Boosting the relatively basic storyline with big names is probably giving the fairly unimaginative plot and unsubtle script more than it deserves, but then with this kind of largely heartwarming tale, complexity and delicacy of touch are rarely warranted. The point here is for Gere to look manly, Lopez to look sexy, and both of them to dance well. To be fair, they manage this pretty effectively. It does exactly what is says on the tin.

Whether, since his turn in Chicago, this will prove to be Richard Gere’s new career path remains to be seen, but this is the first film he’s done since that popular musical, and once again he’s showing off his fancy footwork while trying to flirt with (though not necessarily actually seduce) women somewhat younger than himself. In Chicago it was Catherine Zeta Jones and Renée Zellweger, this time it’s J-Lo.

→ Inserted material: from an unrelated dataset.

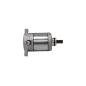 ROZRUSZNIK POWER FORCE ARCTIC CAT 375/400 KYMCO MXU 375 SUZUKI LT-A 400 EIGER 2002-10 LT-F 400 2002-09
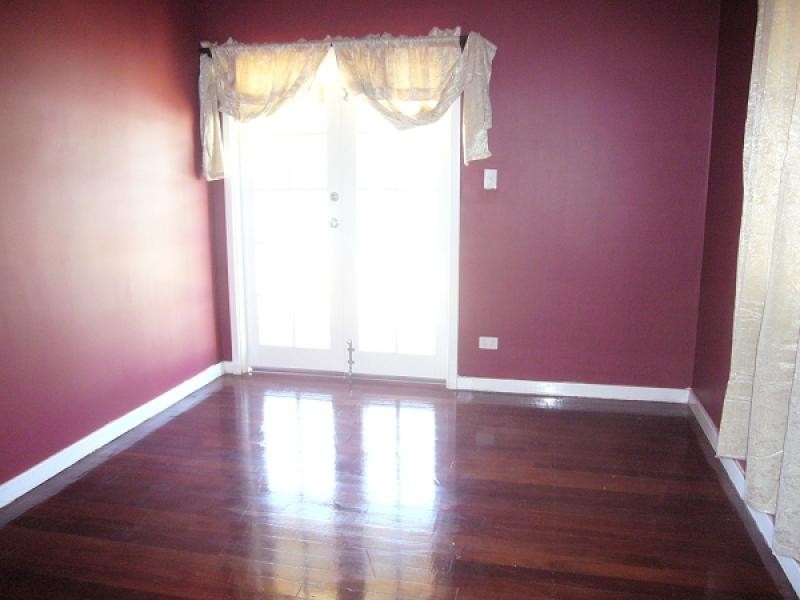 19 RIFLE RANGE ROAD, Rangeway WA 6530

All that really matters, however, is whether they can both dance – and that they certainly can, even if Gere is looking a tad podgy these days – and whether it’s a nice, fluffy tale of human nature and decency winning out over adversity of some kind. Not that the adversity here is that great – the guy is basically just a bit bored – but still.

Sadly Susan Sarandon is utterly wasted in this film as the doting but worried wife who suspects an affair. Presumably they just offered her such a vast amount of money that she couldn’t turn it down. Her basic role is to look a tad upset most of the time while Gere’s off prancing about the place with Lopez and the other denizens of her dance studio.

Naturally enough, as one of those soppy, supposedly life-affirming pieces of dross Hollywood often churns out, everything works out fine in the end – that much is obvious from the trailer, let alone the film itself. And this is precisely the sort of film which is only likely to be watched by people who already know how it ends.

Bland romantic comedies like this remain perennially popular, and it is nearly impossible for those who don’t like them to work out why. It’s not that they, or indeed this film, is necessarily “bad”. It’s just got so few surprises in that it seems to resemble Gere’s mind-numbing life at the start of the movie. Perhaps you’d be better off taking a leaf out of his book and going to a dance class instead.